I first read of this bound from:

Nishiyama, T., 2019. A New Lower Bound for Kullback-Leibler Divergence Based on Hammersley-Chapman-Robbins Bound. arXiv:1907.00288 [cs, math, stat].


The following notes are not very polished, but present the general idea. I hope they are useful.

The strategy of the paper is quite nice; first, Nishiyama shows that if we have two distributions $$P,Q$$ and define the mixture $$R_t(x):=P(x)+t(Q(x)-P(x)), t\in [0,1]$$, then:

$\frac{d}{dt}D_a(P|R_t)=\frac{1-a}{t}D_a(P|R_t)+\frac{1+a}{t}D_{a+1}(P|R_t),$

for any $$a$$ and $$D_a$$ being the alpha-divergence.

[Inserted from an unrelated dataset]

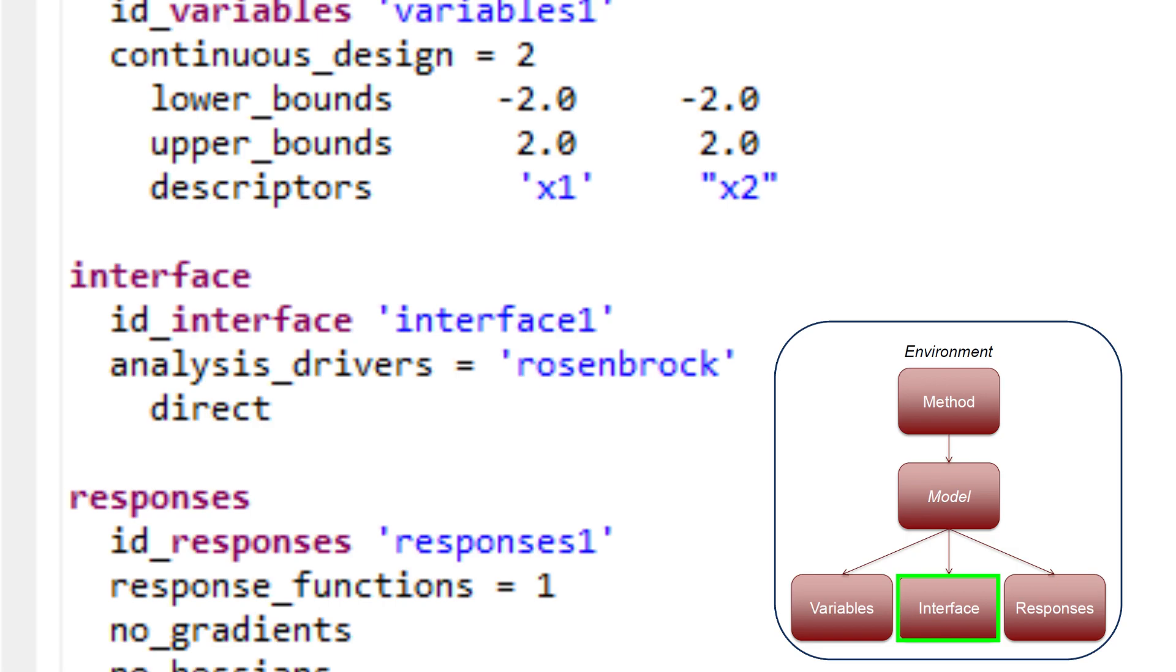The more common use case for Dakota is to use either the fork or system keyword in place of the direct keyword, which allows Dakota to invoke instances of an external simulation code process. The exact steps for how to invoke an external simulation code will be covered in future tutorials.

Setting $$a=1$$ leaves us with the KL divergence and $$\chi^2$$, which recovers the nice identity:

$\frac{d}{dt}KL(P|R_t)=\frac{1}{t}\chi^2(P|R_t).$

Now, fix a function $$f$$ for which $$E_Q, E_P, V_P, V_{R_t}$$ (expectations and variances) are finite and $$V_{R_t}>0$$ for all $$t\in [0,1]$$. Then, applying the HCR inequality gives:

$\frac{d}{dt}KL(P|R_t)\geq \frac{(E_{R_t}-E_P)^2}{tV_{R_t}}.$

Integrating the above in $$[0,1]$$ gives the result of the paper as $$\int_0^1 KL(P|R_t)dt=KL(P|Q).$$

We can also show that

$KL(P|Q)=\int_0^1 \frac{\chi^2(P|R_t)}{t}dt=\int_0^1 t\int_{\Omega}\frac{(Q-P)^2}{P+t(Q-P)}dxdt.$

Assuming everything exists, we can exchange the integrals (ala. Fubini) and then expand the $$t$$ function around $$t=1$$ to introduce the chi-square divergence:

$KL(P|Q)=\chi^2(P|Q)+...$

## Actual lower bound

The lower bound is:

$KL(P|Q)\geq \int_0^1\frac{(E_{R_t}-E_P)^2}{tV_{R_t}}dt,$

where the integral depends on $$E_P, E_Q, V_P, V_Q$$ and can be computed analytically and written as a sum of logarithms (by using partial fractions).

# Tighter lower-bounds

Starting from the equality:

$KL(P|Q)=\int_0^1 \frac{\chi^2(P|R_t)}{t}dt$

we can derive tighter lower bounds for the KL. First, we write the variational representation of $$\chi^2$$

$\chi^2(P|R_t)=\sup_{h}\left \{ 2E_P[h]-E_Q[h^2]-1\right \}.$

Suppressing the family of functions leads to lower bounds of chi-square and thus to lower bounds of the KL. For example, the HCR bound can be derived by considering first degree polynomials.